There are two paths you can take to get started on your road to riches. You can either try to get hired by the next ‘Facebookesque’ startup, take a haircut in salary, and hope that your stock options are worth something one day, or you can create your own company. If there’s a way to have an early failure, such as a firing because you’re too young or inexperienced, you’re already on the path to mega-wealth and investor funding. Bonus points go to those who get fired from a company that they created. Lots of failure = lots of success.
1. Conjure up a crazy obscure concept that no one has heard of which likely has a social network component to it
Give it a name that is a super simple name. Example: Path or Apple. Buy the domain and get the Twitter, Facebook, and YouTube. You should crowd source the logo because that’s what all of the cool kids are doing. Bonus points if you put a (.) somewhere in the company name or url. Start using common words and putting “ify” on the end of them. Doing so can also help you create a company name and impress common folk. Remember, once you coin a term, you have rights to it, immediately. Example: “Jeffify.” I own it. It means to teach other people how to become millionaires.
Just say the word ‘social’ 10 times, and you’re already on your way to fat stacks of Benjamins and you have rights to it now (see above). Just assume that as you’re telling people what your concept is, you will have to name drop other successful platforms to make people believe you actually know what you’re talking about.

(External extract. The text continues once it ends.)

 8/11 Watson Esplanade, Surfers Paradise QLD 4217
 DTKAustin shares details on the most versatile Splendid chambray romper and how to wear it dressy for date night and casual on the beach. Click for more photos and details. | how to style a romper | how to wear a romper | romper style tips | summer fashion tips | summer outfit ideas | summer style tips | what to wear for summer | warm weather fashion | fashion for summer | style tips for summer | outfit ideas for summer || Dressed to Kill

Example: I’ve got this great idea for a company that meets at the intersection of Facebook and Google but has the mobile simplicity of Apple and the elegance of Flipboard. As a side note, you probably should stay away from photo sharing apps because there are already 1,000,000,000,000 ways to share a photo, add a filter, tag yourself, and put a caption that makes your followers think you’re already a millionaire. You standing next to a private jet, mega yacht, or shaking hands with Oprah should do the trick.
2. Create an NDA (non-disclosure agreement)

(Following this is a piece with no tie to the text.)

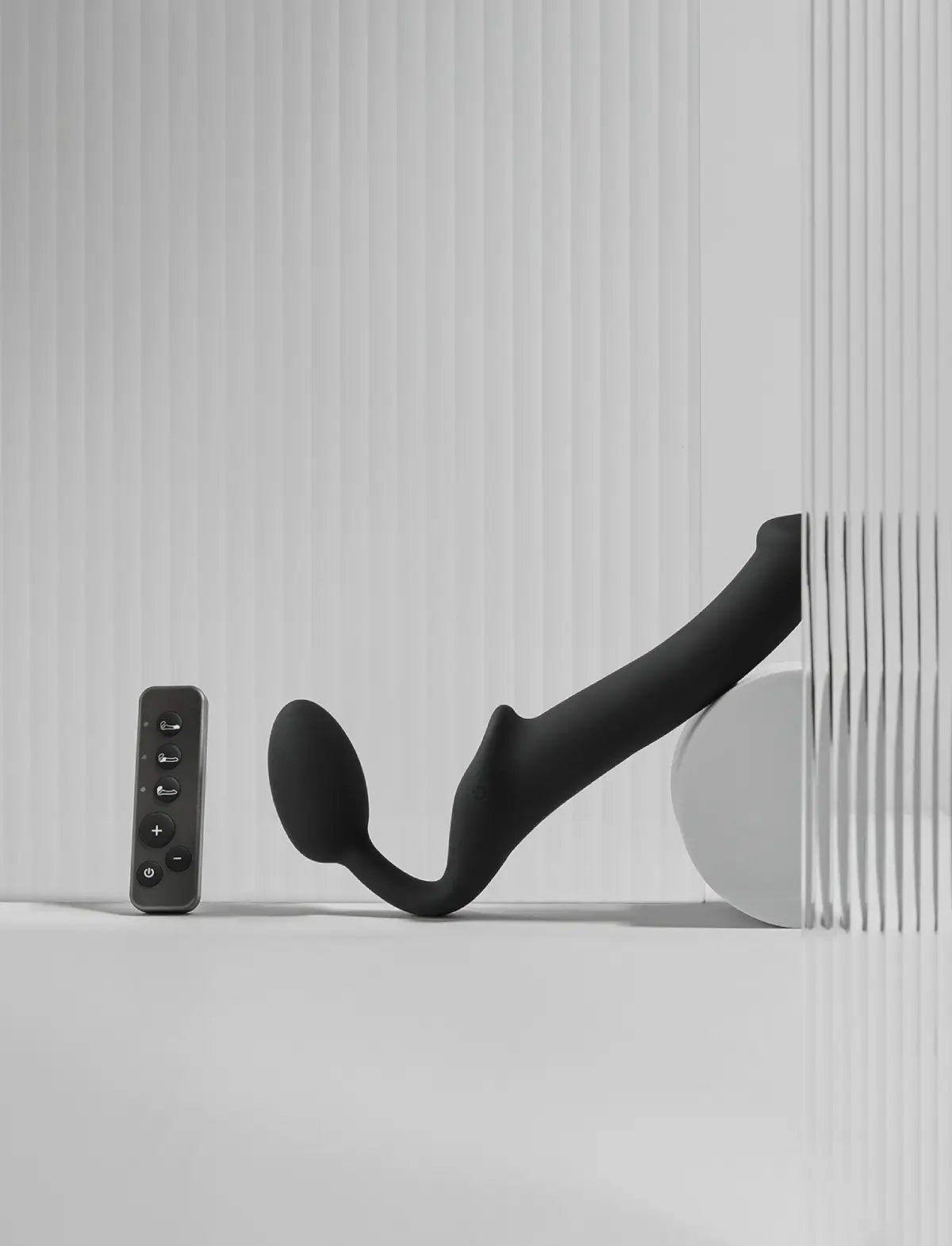 Strap-on vibrant noir avec télécommande rechargeable – 3 moteurs – Strap-on-me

No one else in the world could ever be smart enough to come up with the idea that just crossed your mind. You have to protect yourself so no one steals the idea and goes all “the social network” on you. Don’t worry Zuck, I have your back. Everyone you talk to about your idea is likely an engineer who could code your concept, in addition to his/her day job, so they should all sign your NDA. You just can’t be too careful. Note: if someone does end up stealing your concept, you should A) cry about it, B) take them to court, C) think about the millions lost, because naturally, that was the only good idea you’ll ever have.

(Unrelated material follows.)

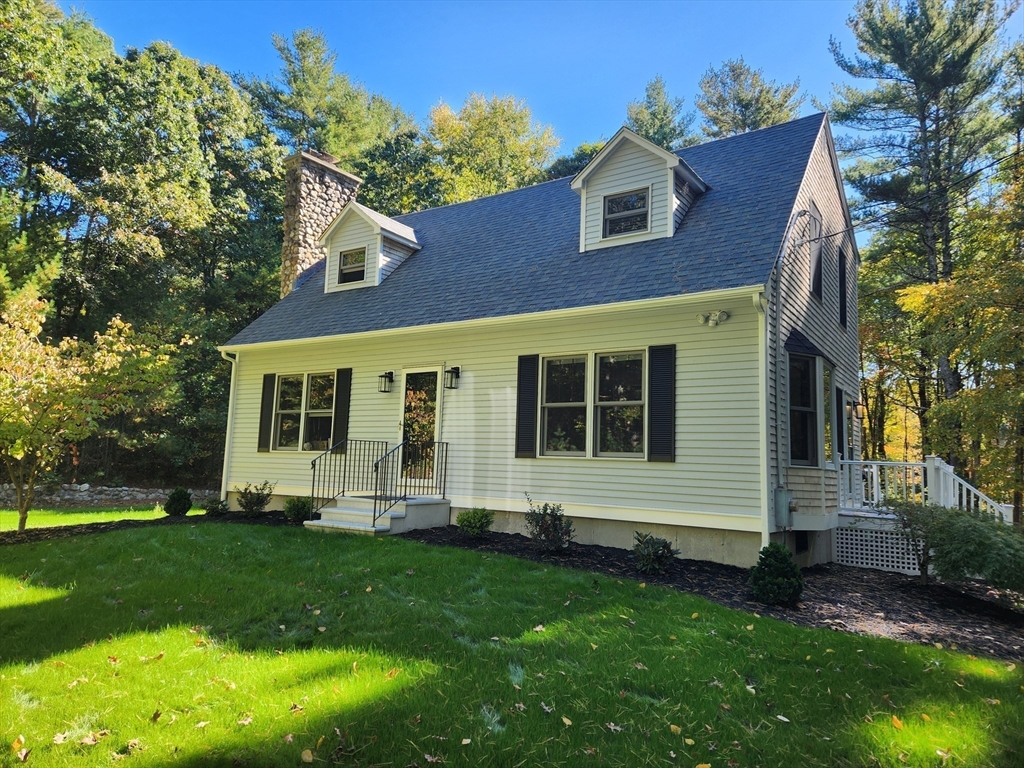 163 Quanapoag Rd — photo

3. Create a pitch deck and contact investors
Because you like to ‘think different,’ you probably bought a Mac and put the program keynote on it. You assume that you’re a Steve Jobs presenter now, which is exactly the kind of arrogance you need to make it. The most important piece of this slide deck is that you have one slide that includes the target market you need to obtain to make millions, which is likely 0.01% of 1%. Remember to put the numbers in a big font that no one has ever seen, so that they are impressed by the font and expect that the enormity of the font is equivalent to your success. Don’t write down any competitors because your concept is completely original, of course. Now that you’ve finished reading this, you know what it takes to become a millionaire. It’s as simple as that.
After your first investment, it’s all downhill from there. You might want to put in at least 15 hours a day until you make it though, hire some people as crazy as you are, speak at some relevant conferences, and start a ‘thought leadership’ blog. Don’t worry about telling people how hard you work since the press will always be sure to cover your greatest successes. If you fail, which isn’t possible because you told the world you couldn’t, no one will write about it because you will just be another one of the startups that didn’t make it. Don’t worry though, if that’s the case. Remember, lots of failure = lots of success = Millionaire.